So apparently all of BDing like rabbits at the 'rents house over the holiday weekend went out the window with the arrival of AF on Saturday. WTF is that all about? I was supposed to Oing damnit! Not hosting a visit from my least favorite aunt! And to top it all off yesterday was (TMI) so heavy I was going through a tampon every couple of hours... not really that pleasant when you have to ride in a car for 8 hours. It's back to normal today, but seriously what the HELL?
I have a call into my docs office, but I haven't heard back yet. I guess I am onto Clomid round 3... and upping it once again?
We told my parents this weekend about our little bit of IF troubles. Apparently my mom was on clomid when she was TTC both my older brother and I, but it never actually worked for her so she went on something else (although she didn't say what that was). I think I will mention that to my doc (well, the nurse) and see what she says. Maybe we can try Femera? Or maybe they will just up the clomid? I guess I just have to wait and see.
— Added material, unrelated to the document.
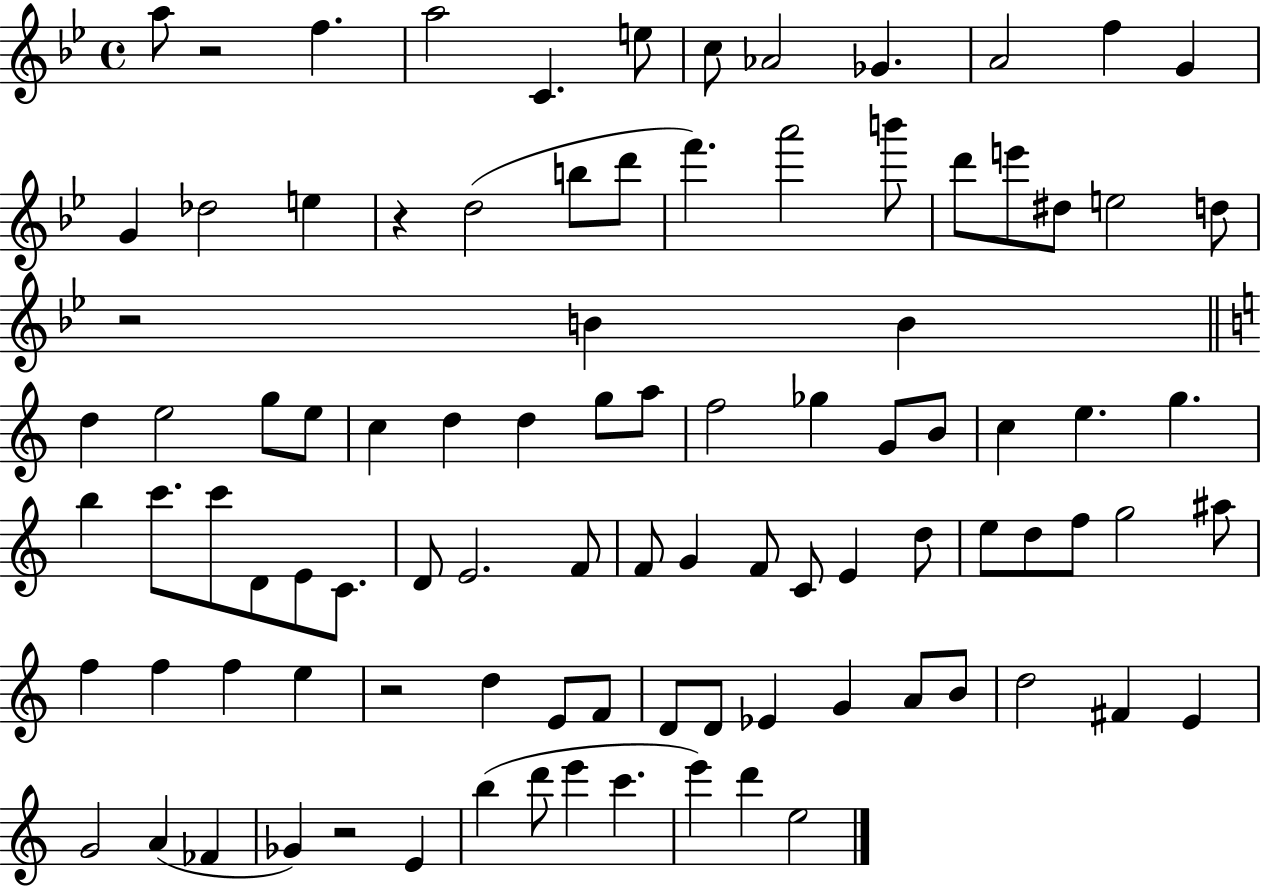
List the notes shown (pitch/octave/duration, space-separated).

A5/e R/h F5/q. A5/h C4/q. E5/e C5/e Ab4/h Gb4/q. A4/h F5/q G4/q G4/q Db5/h E5/q R/q D5/h B5/e D6/e F6/q. A6/h B6/e D6/e E6/e D#5/e E5/h D5/e R/h B4/q B4/q D5/q E5/h G5/e E5/e C5/q D5/q D5/q G5/e A5/e F5/h Gb5/q G4/e B4/e C5/q E5/q. G5/q. B5/q C6/e. C6/e D4/e E4/e C4/e. D4/e E4/h. F4/e F4/e G4/q F4/e C4/e E4/q D5/e E5/e D5/e F5/e G5/h A#5/e F5/q F5/q F5/q E5/q R/h D5/q E4/e F4/e D4/e D4/e Eb4/q G4/q A4/e B4/e D5/h F#4/q E4/q G4/h A4/q FES4/q Gb4/q R/h E4/q B5/q D6/e E6/q C6/q. E6/q D6/q E5/h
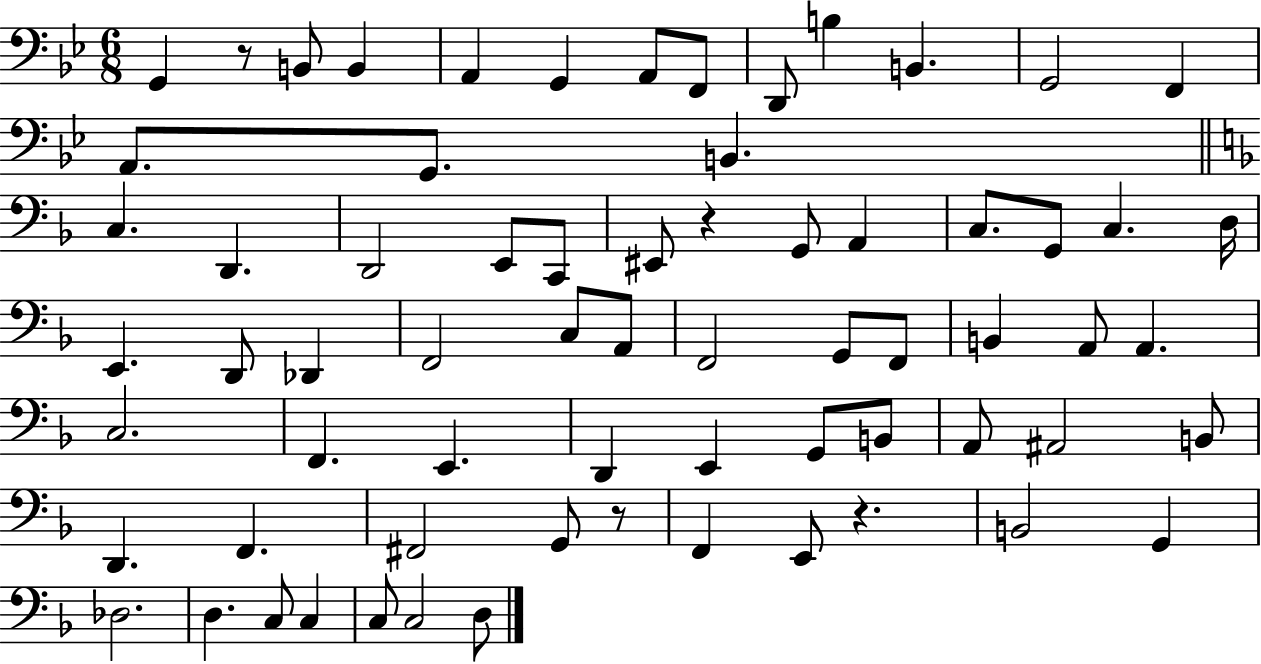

I'm still unsure how I feel about my parents knowing. We haven't told Batman's parents anything other than we are trying. I guess I just feel like the less I talk about it, the less other people will want to talk about it and give unsolicited (and generally inaccurate) advice. It makes sense to talk about it with my mom though. She had a hard time TTC all of us except my youngest brother. There are 8 years between me and my little sister if that tells you anything. I just hope I don't get random emails or phone calls from anyone thinking I really care about their two cents (well, IRL people anyway... I do care what you all think!)
On a better note, we really had a fantastic time in Seattle, although all those places that I said we would be sure and visit? Ya, only got to this one. We were just too busy doing other stuff. More important stuff like eating turkey leftovers. and watching football. and playing apples to apples. (BTW, if you have never played that game, I HIGHLEY recommend it... it's loads of fun!) and shopping.
Hope everyone had a great holiday!
3 comments:
Argh!! Are you serious? Dang AF!!
But you got a period so that means you're O'ing, right? That has to be a good thing, I'm assuming...
I'm so sorry you are dealing with this frustration.
Wow, it's insane that AF showed when you should've been ovulating. I'm so sorry.
Telling people about your IF struggles is a huge step. My husband and I told our families and, in hindsight, I kind of wished we hadn't! As you said, there's a good chance you'll be receiving tons of unwanted and inaccurate advice -- that was the most annoying part to me.
But some people do find an incredible support system by opening up to friends and family, so maybe it's for the better that you told? You will surely have your mom's empathy and personal experiences to draw from.
Anyway, huge ((hugs)) for AF's arrival. Hopefully your doctor has some good suggestions that will bring you a speedy BFP.
Aww, that totally sucks! Sorry - big hugs!